What you need to do
Retype exactly what appears below from the line containing "Capsicum dimorphum" down to the line containing "Studio shot of an adorable mixed breed dog Studio", keeping both end lines. Do not include pictures.

Data extracts
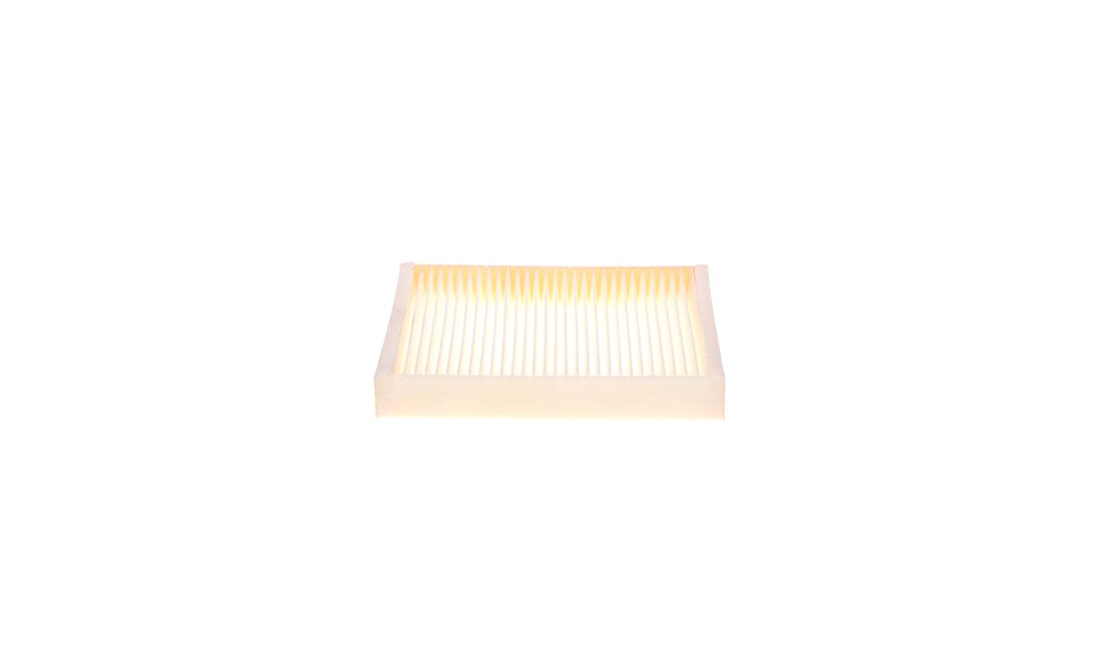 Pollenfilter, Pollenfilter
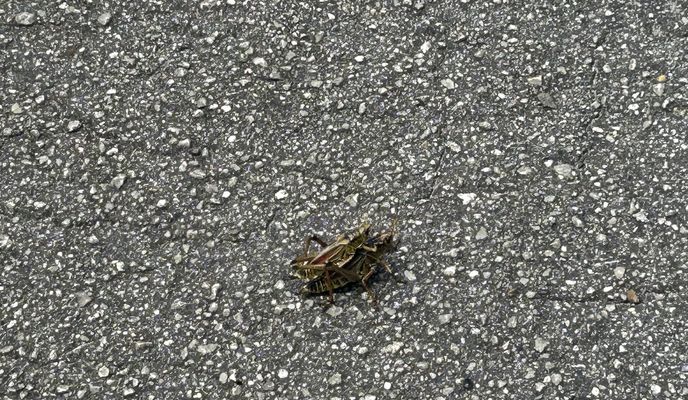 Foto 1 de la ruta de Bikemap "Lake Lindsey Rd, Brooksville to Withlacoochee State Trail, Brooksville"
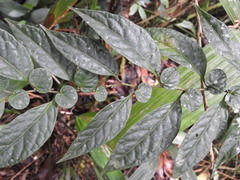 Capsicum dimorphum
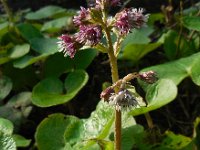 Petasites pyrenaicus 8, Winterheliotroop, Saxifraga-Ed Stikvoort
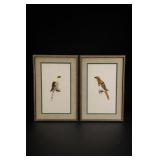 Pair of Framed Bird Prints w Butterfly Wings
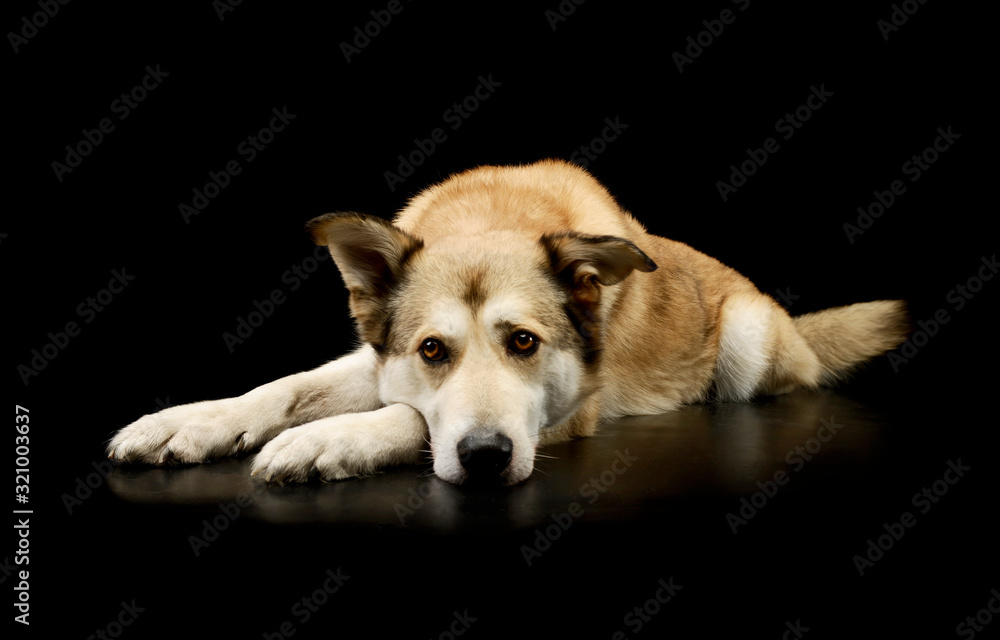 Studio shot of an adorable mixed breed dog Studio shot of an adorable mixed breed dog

* * *

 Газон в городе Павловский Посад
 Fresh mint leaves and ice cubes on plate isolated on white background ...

==

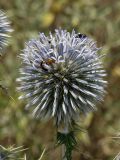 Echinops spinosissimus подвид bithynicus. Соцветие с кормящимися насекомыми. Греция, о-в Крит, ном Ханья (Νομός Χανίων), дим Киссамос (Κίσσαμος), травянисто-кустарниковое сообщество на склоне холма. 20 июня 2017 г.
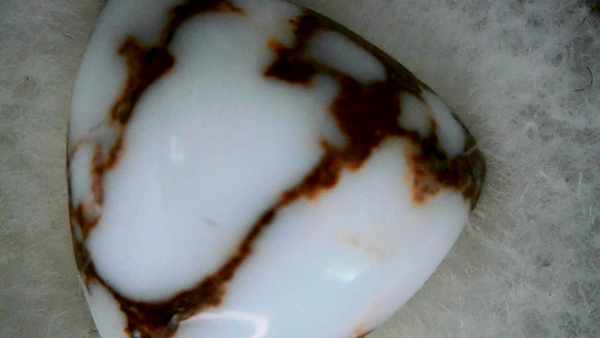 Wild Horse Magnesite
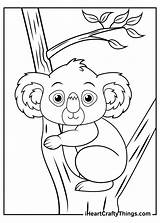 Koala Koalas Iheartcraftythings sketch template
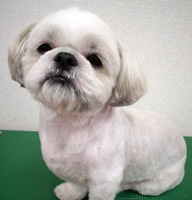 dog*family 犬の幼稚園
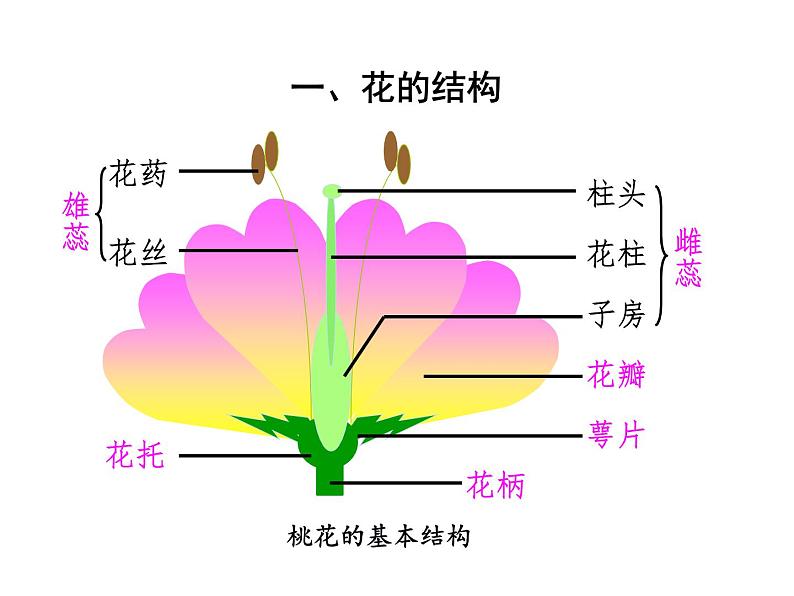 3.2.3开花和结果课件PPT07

Problem solution
 Capsicum dimorphum
 Petasites pyrenaicus 8, Winterheliotroop, Saxifraga-Ed Stikvoort
 Pair of Framed Bird Prints w Butterfly Wings
 Studio shot of an adorable mixed breed dog Studio shot of an adorable mixed breed dog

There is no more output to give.